The dam caused an area of over 600 square kilometers to flood and finally filled up to this maximum in 2010. Since then the number of geological disasters has increased dramatically. Landslips and rockfalls have led to the identification of 5,386 hazardous sites with banks already collapsing in hundreds of places. The unstable nature of the banks is caused by the huge seasonal variation in water level and it is this variation that is causing thousands more to be moved from their homes.
|Submerged Cities: |
Photos from1987 (bottom) and 2006 (top)
The controversial dam was the dream of revolutionary leader Mao Zedong and has submerged 13 cities, 140 towns and over 1,300 villages - staggering figures that have frequently been frowned upon by many nations (and geography students of course). More recently, a report published by the environmental group Probe International suggested that the entire upper Yangtze (where 20 dams are located, including the Three Gorges) is at risk from a catastrophic collapse of these man-made structures. The idea focused around the seismic activity in the area and the theory that a failure of one dam could cause a cascade of water collapsing further dams, which in a heavily populated area is clearly a significant problem.

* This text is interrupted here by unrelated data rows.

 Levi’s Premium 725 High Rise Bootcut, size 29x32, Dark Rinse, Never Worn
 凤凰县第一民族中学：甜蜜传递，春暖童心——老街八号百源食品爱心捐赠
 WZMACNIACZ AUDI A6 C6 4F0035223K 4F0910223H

The Three Gorges Dam is perhaps the last example of China’s historical dictatorship, a construction that typifies the ‘greater good’ mentality with little care for the collateral damage to local people. Now, in a westernising government, this fiercely growing nation has admitted problems regarding this structure. They have conceded that they have not done enough to ensure a similar quality of life for those forced to move, and many families are beginning to move back to the banks of the reservoir increasing the fatality risk from natural disasters. Further to this, there is suggestion that the reservoir increases the risk of earthquakes in the area, and has completely changed the ecology of the river even driving the Yangtze River Dolphin to extinction.

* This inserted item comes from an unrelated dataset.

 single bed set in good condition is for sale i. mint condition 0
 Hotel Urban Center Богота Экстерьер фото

The long term goal was to provide a sustainable source of energy, which has certainly been fulfilled, as well as controlling damaging floods that used to regularly hit the area. In 2010 for example, the South China Floods caused the reservoir to rise by 3m in less than 24 hours. Due to the control of the dam, the outflow of water was reduced from 70,000m3/s in to the reservoir to just 40,000m3/s out, effectively reducing the impacts of serious flooding on the middle and lower river.

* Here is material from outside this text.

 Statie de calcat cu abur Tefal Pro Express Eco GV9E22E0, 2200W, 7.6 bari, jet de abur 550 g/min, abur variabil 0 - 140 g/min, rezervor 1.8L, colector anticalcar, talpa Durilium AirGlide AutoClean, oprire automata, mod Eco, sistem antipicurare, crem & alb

The Three Gorges Dam is a difficult issue. On one hand it is fantastically resourceful and very good at controlling floods; however it has ruined hundreds of thousands of lives. People have been forced to move into lower standard housing in poor areas with no prospects of work, and the government has done little to support them. This project was an example of what we can achieve with hydro-electric power, but due to the political situation in China at the time, it cannot be considered fully sustainable as so many citizens were displaced. As China are beginning to accept the problems with the dam, hopefully quality of life will increase for those who once suffered and the safety of the area improved. Still, with increasing evidence for the possibility of a catastrophic failure due to seismic activity, it may not be the last negative we hear about the geography students’ favourite case study.